Word for word, retype the lines from the one containing "Adria Adora 613" to the one containing "2023 Chrysler Pacifica" below, keeping both end lines and dropping the pictures.

> _PROVIDED RECORDS_:
* * *

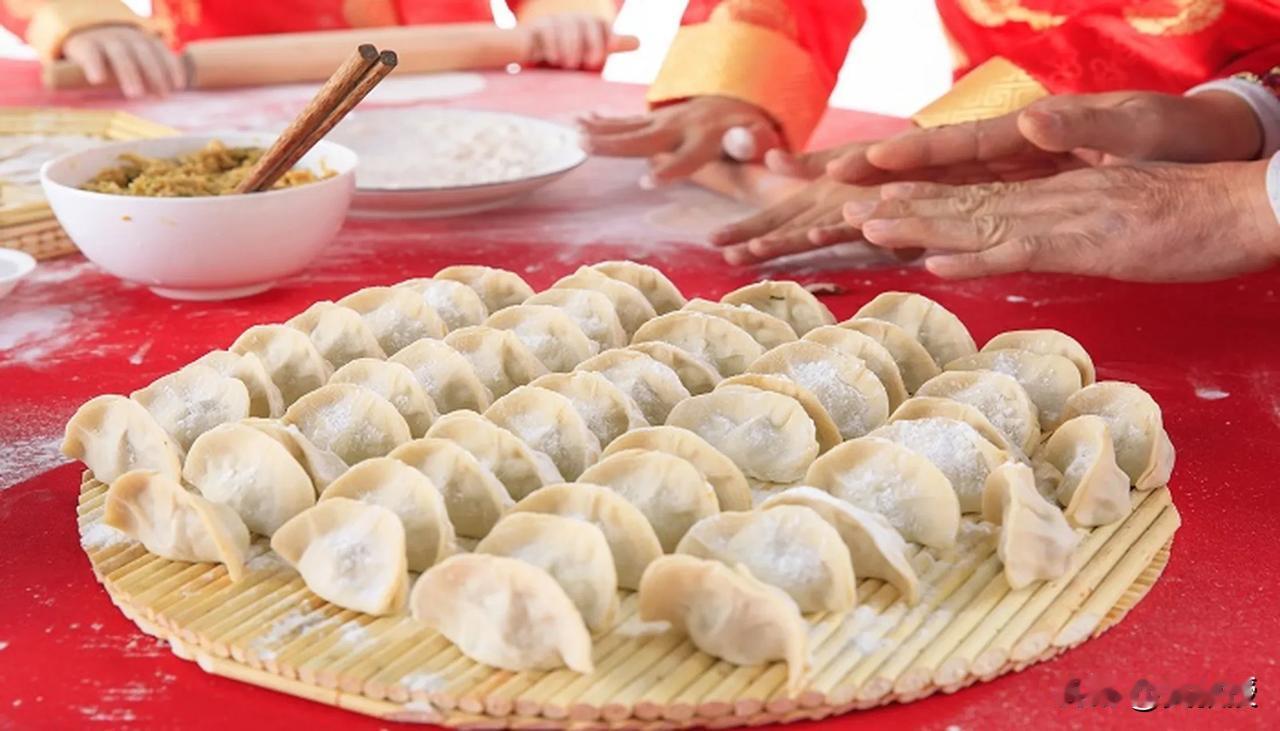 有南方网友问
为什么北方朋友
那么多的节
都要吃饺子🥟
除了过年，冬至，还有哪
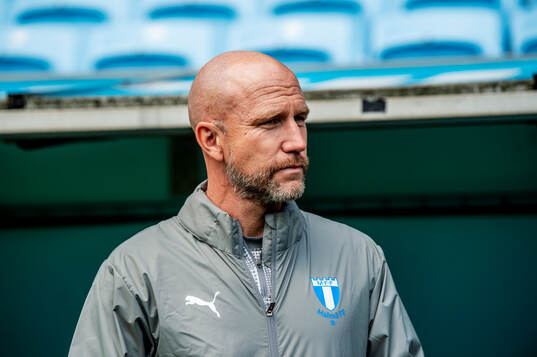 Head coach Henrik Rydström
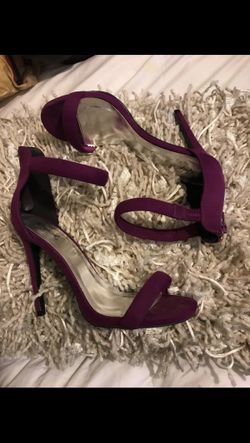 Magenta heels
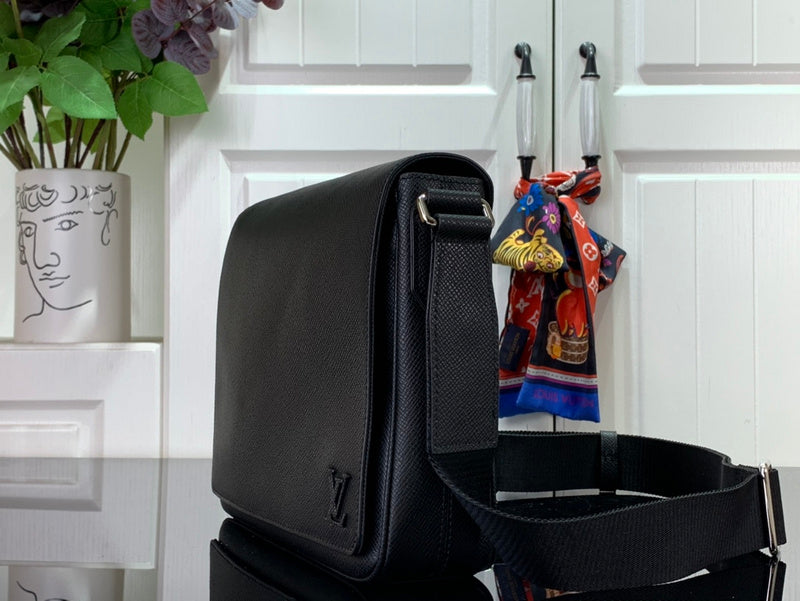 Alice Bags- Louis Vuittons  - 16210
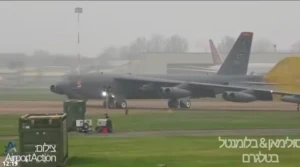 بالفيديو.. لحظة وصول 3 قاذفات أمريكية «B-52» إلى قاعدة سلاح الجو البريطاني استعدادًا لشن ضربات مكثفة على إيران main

* * *

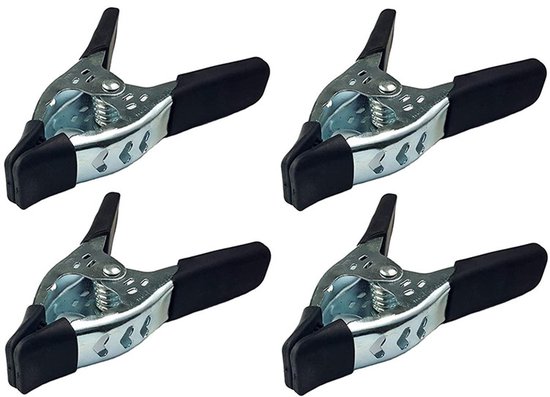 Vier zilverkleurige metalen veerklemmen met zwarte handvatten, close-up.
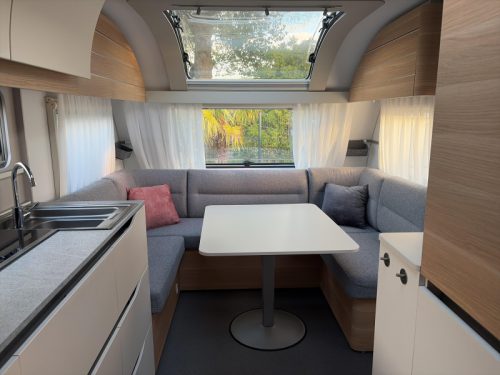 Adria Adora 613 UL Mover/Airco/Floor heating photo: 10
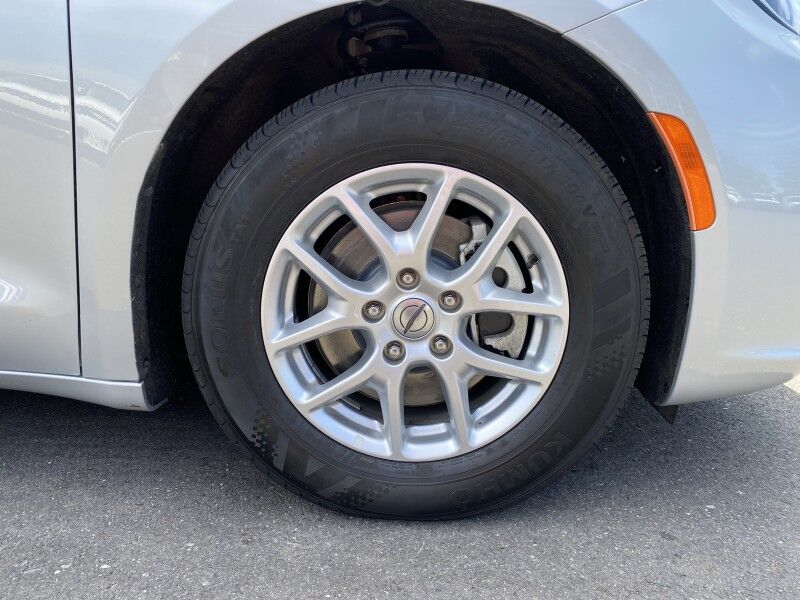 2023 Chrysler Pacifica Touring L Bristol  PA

* * *

> _ANSWER TO THE PROBLEM_:
 Adria Adora 613 UL Mover/Airco/Floor heating photo: 10
 2023 Chrysler Pacifica Touring L Bristol  PA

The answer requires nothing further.